Another reason that makes BIG so successful in developing innovative toy concepts is because it does not manufacture. Therefore, it can build relationships with many players in the industry and beyond. These include manufacturers, marketers, customers, engineers and designers. Manufacturers shy away from building such kind of relationships with fellow manufacturers for fear of competition. As explained in the case study, the toy market in the United States is saturated. This means that no manufacturer may want to take the risk of sharing its innovative concepts with rivals. Capitalizing on this fear, BIG built strong relationships with several stakeholders in the industry to commercialize its innovative concepts. Additionally, BIG has invested in continuous product improvement systems and programs to keep its innovation pace ahead of stiff competition.
Question 2 Response
Just like any other business, it is possible for other companies to replicate BIG’s business model. However, as illustrated in the case study, BIG has put adequate measures in place to deter potential competitors from replicating its business model. The first measure that ensures that the company’s products are commercially successful is innovation. BIG has invested in developing innovative toy concepts, which it sells to manufacturers. Since the products are very innovative and capable of adding value to consumers, manufacturers find the concepts to be commercially viable. If the concepts are accepted by a large number of toy manufacturers, BIG will have monopoly in the market. Currently, the company controls a substantial market share for its kind of business. This will certainly deter any competitors from replicating BIG’s business, thereby making it very sustainable (Edvardsson, 32).
Secondly, BIG’s innovative concepts are versatile. This means that the company can succeed in a world of changing customer demands and volatile prices. Essentially, BIG’s business is guaranteed to be sustainable despite uncertainties of the future. Sustainability is a key aspect that will deter competitors from replicating the concepts. Competitors understand that if BIG is very successful, it will have enough resources to influence future developments in the lucrative industry.
The last measure that makes it difficult for competitors to replicate BIG’s business model is continuous innovations.
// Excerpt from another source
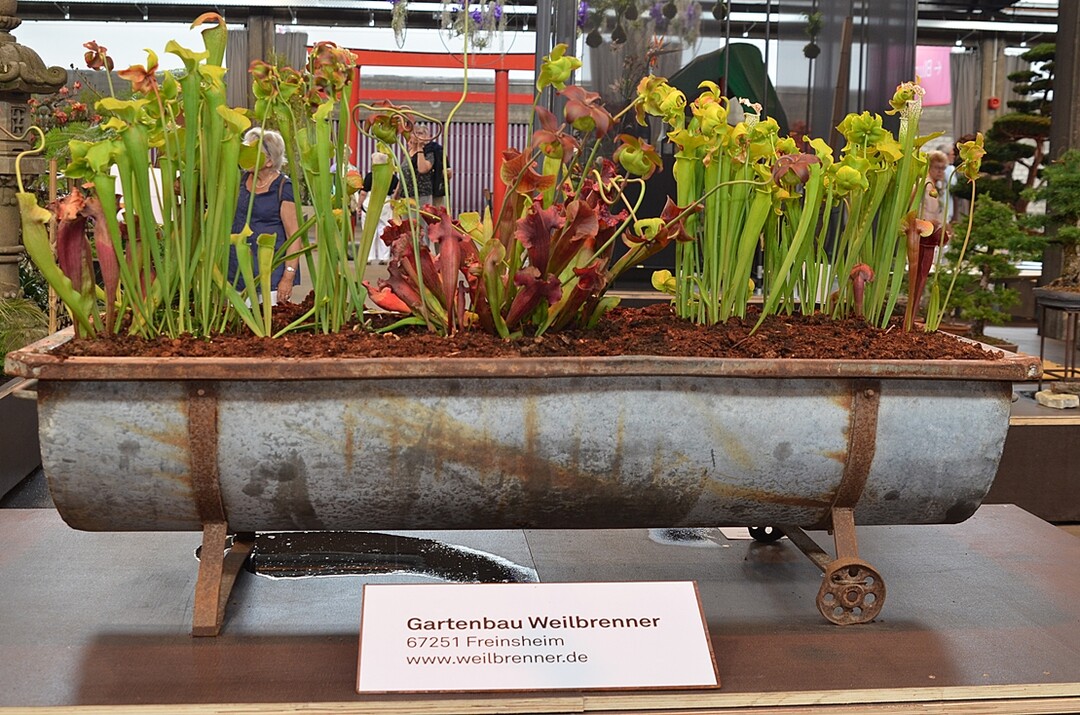 Goldprmierte Verbindung aus Schrott und Leben: Das Sarracenia Sortiment von Gartenbau Weilbrenner aus Freinsheim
Unlike other companies, which rely on the R&D department to come up with innovative solutions, BIG hold shows where independent innovators showcase their products. BIG then selects the best products. Through this process, BIG does not incur unnecessary expenses in hiring and training innovators. Competitors may lack the capacity to organize for such large shows and hence cannot replicate BIG’s business. Even if competitors were to replicate BIG’s business, they would find it difficult to negotiate with manufacturers because BIG has already signed contracts with the majority of the manufacturers.
Question 3 Response
It is possible for BIG to replicate its business in other industries such as lawn and garden. Part of the reasons why BIG was so successful in the toy industry is that the industry is very dynamic as customers demand change very often. BIG realized that this was not a challenge for toy manufacturers but an opportunity to develop more innovative products. Accordingly, the company ventured into the business of developing innovative toy designs and selling them to manufacturers. The same can happen in the lawn and garden industry. This industry is very dynamic just like toys industry. Consumers in the lawn and garden industry have high expectations in regards to product quality and price. These expectations can only be met by replicating BIG’s business models.
According to Edvardsson (31), successful businesses in one industry can be replicated in other industries if the underlying business concept is similar. Just as children always desire better new toys, homeowners also expect better and innovative gardening equipment and tools. Therefore, BIG can organize similar shows such as the toys shows to get ideas from lawn and garden innovators. To effect this, BIG only needs to identify problems facing users of laws and gardening products. The company can also get vital information from manufacturers and sellers of these products. With such information, BIG can develop innovative solutions.
Work Cited
Edvardsson, Bolly. Quality in new service development: Key concepts and a frame of reference. International Journal of Production Economics, 52 (2): 31–46, 2007.